Deal velocity is everything in enterprise GTM: (Number of Deals x Average Deal Value x Conversion Rate) / Sales Cycle Length. If dinners and gifts are compressing your sales cycle or increasing your close rate, you can measure that. It just requires you to think beyond “how many leads did this generate.”
“Sales won’t do it.”
Then your ABM program is already broken. ABM is a sales activity. Marketing surrounds the market with messaging and air cover. But the actual motion is sales-led. If sales won’t participate in account planning, research, dinner hosting, and gift selection, you don’t have an ABM program. You have marketing pretending to do ABM while sales ignores you.
Fix the alignment problem first.
“It feels old school.”
Old school is the new differentiation.
Everyone else is sending the same cold emails through the same sequences with the same LinkedIn connection requests. The buyer who gets a handwritten note and an invitation to a dinner with three of their peers is going to remember you.
Where This Fits in Your System
Dinners and gifts don’t replace your digital motion. They activate it.
I’ve written about the three layers of enterprise GTM before:
Layer 1: Exposure. Creates familiarity. LinkedIn ads, CTV, podcasts, content. The buyer has heard of you.
Layer 2: Engagement. Reveals interest. Website behavior, intent signals, event attendance. The buyer is exploring.
Layer 3: Activation. Converts interest to conversation. Dinners, gifting, outbound, sales touches. The buyer becomes an opportunity.
Physical tactics belong in Layer 3. They don’t work if you skip Layers 1 and 2.
A targeted dinner invitation works because the buyer already knows who you are. A personalized gift lands because they’ve already been researching you. A well-timed SDR touch converts because you’ve lowered the cost of exploration for a buyer who’s curious but busy.
The anti-pattern is gift card spam to cold accounts. Sending a $50 Starbucks card to someone who’s never heard of you isn’t ABM. It’s expensive noise. You haven’t earned the right to their attention yet.
Do the work in Layers 1 and 2 first.
The Playbook
If you’re ready actually to do this, here’s how I’d think about it.
When to run dinners:
· Pain-point specific (Ramp model), not generic networking
· 8-12 people max
· Mix customers and prospects (Snowflake model)
· Sales-originated idea, marketing executes logistics
· Quarterly in your key markets, not one-off experiments
When to gift:
· Deal acceleration (active opportunity, stuck deal)

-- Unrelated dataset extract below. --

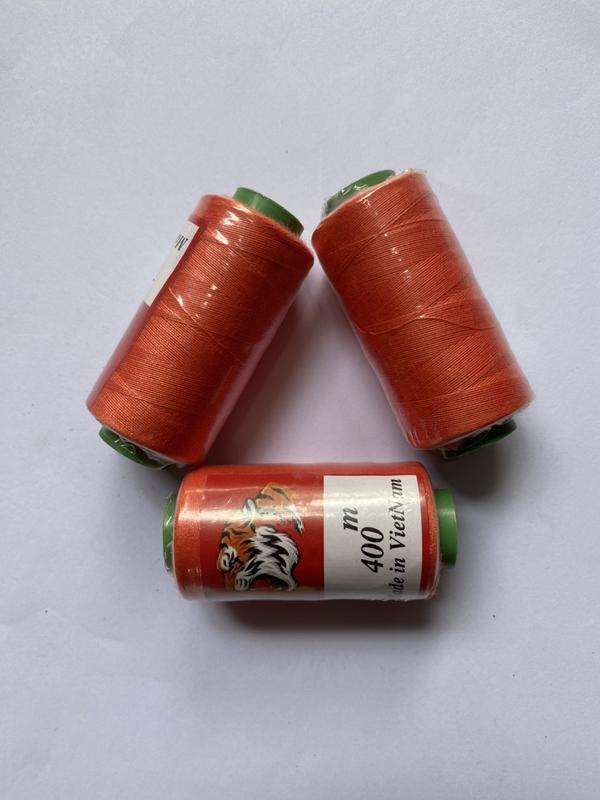 Chỉ Tiger 400m nhiều màu đẹp 3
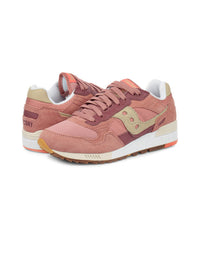 Saucony Shadow 5000 Sneakers Orange 2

· Post-meeting thank you (not pre-meeting bribe)
· Milestone moments (closed-won anniversary, expansion conversations)
· Personalized beats expensive (the gummy worms rule)
When NOT to gift:
· Cold outreach to unaware accounts
· Generic blasts to a list
· Without CRM infrastructure to track it
How to measure:
· Deal velocity (are ABM deals closing faster?)
· Average deal size (are they bigger?)
· Influenced pipeline (did they attend or receive something before closing?)
· NOT: MQLs, gift acceptance rate in isolation
The measurement frame matters. If you’re trying to justify dinners and gifts with the same metrics you use for paid media, you’ll kill the program before it starts. These tactics don’t generate leads. They accelerate deals and build relationships. Measure accordingly.
The Takeaway
The ABM stack isn’t the strategy. The strategy is getting in rooms with the right people and being remembered.
Snowflake, Ramp, and Hightouch aren’t winning because they have better intent data. They’re winning because they host dinner. They’re winning because they listen well enough to remember someone’s daughter likes sour gummy worms.
The Sendoso data proves that buyers aren’t tired of physical. They’re tired of digital. But the vast majority of marketing teams are still pouring budget into the fatigued channels while ignoring the ones with open attention.
This only works as Layer 3 of a system. You still need exposure and engagement. You still need the digital infrastructure. But you also need to close the loop with something human.
The companies that win the next five years of enterprise deals will be the ones that remember how to shake hands.